Je décris dans mon livre la façon dont l’armée israélienne, par des méthodes très élaborées, amène peu à peu de jeunes conscrits à assumer des actes criminels à l’égard des Palestiniens. Ces actes quotidiens sont décrits par nombre d’ONG israéliennes de défense des droits de l’Homme et par le quotidien Haaretz, le seul organe de presse à en faire régulièrement part. Mais la recension de ces actes ne fait pas bouger la société juive israélienne d’un iota. Sur le temps long, on constate même une évolution croissante vers l’acceptation de ces actes, leur insertion dans la normalité, comme on trouve de plus en plus d’Israéliens pour déclarer qu’ils soutiennent une expulsion généralisée des Palestiniens hors de leur pays. Pour que cette évolution se mette en place, sans que ceux qui perpètrent ces actes soient envahis par la culpabilité, il faut que toute une société bascule dans une conviction que l’adversaire est un monstre, qu’il est dénué d’humanité. Lorsque, en juillet 2017, un jeune Palestinien de 16 ans armé d’un couteau de cuisine tente d’agresser des soldats, ces derniers l’abattent à distance. Puis l’un d’eux, Elor Azaria, 19 ans, s’approche de l’adolescent, qui git inerte dans son sang, et le tue d’une balle dans la tête. Il dira, après sa libération, que son geste était légitime et qu’il le referait le lendemain. Pour agir et penser de la sorte, il faut être convaincu que celui auquel vous ôtez délibérément la vie n’est pas vraiment un homme. En tout cas pas un homme qui est votre égal. Et de facto, il n’existe aucune parité entre Juifs israéliens et Arabes palestiniens. Pour un meurtre de sang-froid effectué hors de toute menace, Azaria a effectué huit mois de prison. Huit mois d’incarcération, c’est ce qu’a subi Ahed Tamimi, une jeune Palestinienne de 16 ans qui avait giflé un officier israélien en intervention dans sa maison en pleine nuit. Huit mois d’un côté pour avoir donné la mort, huit mois de l’autre pour une gifle. Quand on s’habitue à cette normalité-là, qu’elle devient légitime, c’est que tout sens moral a disparu.

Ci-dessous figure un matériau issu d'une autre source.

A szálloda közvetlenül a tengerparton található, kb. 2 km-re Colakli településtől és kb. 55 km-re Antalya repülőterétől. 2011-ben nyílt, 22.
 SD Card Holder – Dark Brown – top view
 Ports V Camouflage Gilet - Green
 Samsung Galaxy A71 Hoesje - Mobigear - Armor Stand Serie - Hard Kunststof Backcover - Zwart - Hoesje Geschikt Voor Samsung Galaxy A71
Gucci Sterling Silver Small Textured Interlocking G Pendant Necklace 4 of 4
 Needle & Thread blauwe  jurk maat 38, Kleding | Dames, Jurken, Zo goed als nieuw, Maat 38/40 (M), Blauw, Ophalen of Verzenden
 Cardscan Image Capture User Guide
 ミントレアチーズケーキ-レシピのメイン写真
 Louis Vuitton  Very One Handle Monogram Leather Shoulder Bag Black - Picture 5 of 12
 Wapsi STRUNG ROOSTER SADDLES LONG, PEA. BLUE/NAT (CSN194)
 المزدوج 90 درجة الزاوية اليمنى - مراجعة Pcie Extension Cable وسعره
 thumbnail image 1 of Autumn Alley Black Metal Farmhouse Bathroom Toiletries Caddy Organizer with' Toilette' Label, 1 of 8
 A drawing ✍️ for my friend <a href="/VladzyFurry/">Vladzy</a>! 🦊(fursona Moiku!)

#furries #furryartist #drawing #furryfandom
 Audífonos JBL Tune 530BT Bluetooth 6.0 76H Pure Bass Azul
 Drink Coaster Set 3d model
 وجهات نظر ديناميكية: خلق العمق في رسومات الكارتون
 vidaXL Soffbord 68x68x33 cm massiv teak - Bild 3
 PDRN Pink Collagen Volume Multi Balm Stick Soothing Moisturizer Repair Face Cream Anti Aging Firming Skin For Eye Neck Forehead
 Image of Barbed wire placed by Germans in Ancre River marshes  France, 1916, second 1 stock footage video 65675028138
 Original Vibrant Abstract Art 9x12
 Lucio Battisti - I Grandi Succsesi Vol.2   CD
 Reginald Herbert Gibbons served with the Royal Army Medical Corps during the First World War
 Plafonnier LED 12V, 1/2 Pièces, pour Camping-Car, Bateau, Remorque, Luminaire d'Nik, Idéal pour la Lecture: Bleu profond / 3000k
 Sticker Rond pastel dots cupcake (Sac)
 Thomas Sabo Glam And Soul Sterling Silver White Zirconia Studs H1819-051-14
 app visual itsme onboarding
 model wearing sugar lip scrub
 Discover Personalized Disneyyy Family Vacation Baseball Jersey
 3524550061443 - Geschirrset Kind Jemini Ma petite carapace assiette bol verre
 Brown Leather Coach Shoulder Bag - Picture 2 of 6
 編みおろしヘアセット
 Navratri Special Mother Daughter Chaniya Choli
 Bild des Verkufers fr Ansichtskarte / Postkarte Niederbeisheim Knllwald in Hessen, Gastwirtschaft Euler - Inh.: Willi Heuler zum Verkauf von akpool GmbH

3/ En quoi est-ce que les communautés juives françaises et américaines n’ont pas la même évolution vis-à-vis d’Israël ?
Depuis la guerre de juin 1967, les deux plus importantes diasporas juives organisées, aux États-Unis et en France, ont fermement soutenu Israël. Mais on constate depuis une dizaine d’années une évolution divergente des deux communautés, que j’étudie dans mon livre. Plus la communauté juive française, à travers son organe central, le CRIF, opte pour un soutien inconditionnel à Israël, plus l’américaine se divise. Le phénomène s’est beaucoup accentué depuis l’accession de Trump au pouvoir. Pour faire court, l’adhésion à Israël apparait comme vitale, absolument existentielle pour les Juifs de France, ou plutôt pour ceux qui s’identifient au CRIF (lequel ne représente qu’entre un gros tiers et une petite moitié du judaïsme français, composé d’environ 650 000 personnes). Pour ceux-là, être juif c’est d’abord soutenir Israël. J’ai des amis Juifs français qui sont des gens tout à fait intéressants mais qui perdent tout discernement dès qu’on évoque Israël et ne peuvent entendre la moindre critique. À l’inverse, les Juifs américains, qui sont numériquement aussi nombreux que les Israéliens (soit 6,5 millions), ont une vie communautaire décentralisée, autonome et riche (il y a plus de départements d’études juives dans les universités américaines qu’en Israël). Cela laisse un espace à la critique au sein de la jeunesse juive américaine qui, aujourd’hui, devient de plus en plus acerbe vis-à-vis d’Israël. Des personnalités juives de premier plan ont publiquement critiqué la politique suivie par Nétanyahou en termes très virulents. L’enfermement identitaire des Juifs israéliens et l’adulation qu’ils ont très majoritairement pour Trump les révulse. Bref, on assiste aux États-Unis à la montée en puissance de ce que les Américains appelle une « diaspora revival », une résurgence, une redécouverte de la diaspora. C’est-à-dire l’aspiration à une vie juive intrinsèque, déconnectée du lien à l’État d’Israël.